───── Records to process ─────
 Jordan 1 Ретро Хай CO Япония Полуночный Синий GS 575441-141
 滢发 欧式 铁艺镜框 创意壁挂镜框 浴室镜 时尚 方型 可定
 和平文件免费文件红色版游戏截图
─────
───── Records to process ─────
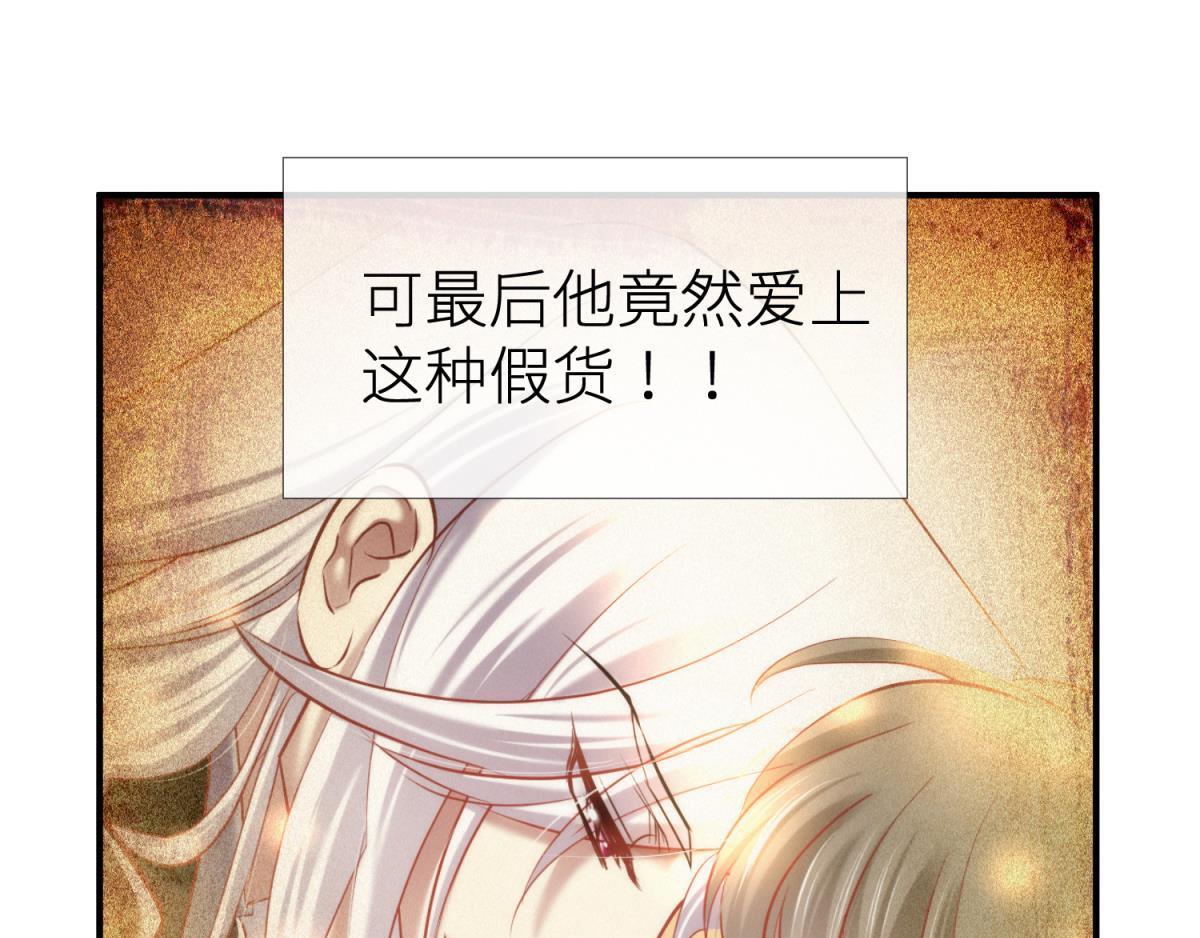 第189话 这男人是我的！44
─────
Search the listing above for the lines with "Jordan 1 Ретро" and "和平文件免费文件红色版游戏截图", then output those lines and all lines between them exactly.

 Jordan 1 Ретро Хай CO Япония Полуночный Синий GS 575441-141
 滢发 欧式 铁艺镜框 创意壁挂镜框 浴室镜 时尚 方型 可定
 和平文件免费文件红色版游戏截图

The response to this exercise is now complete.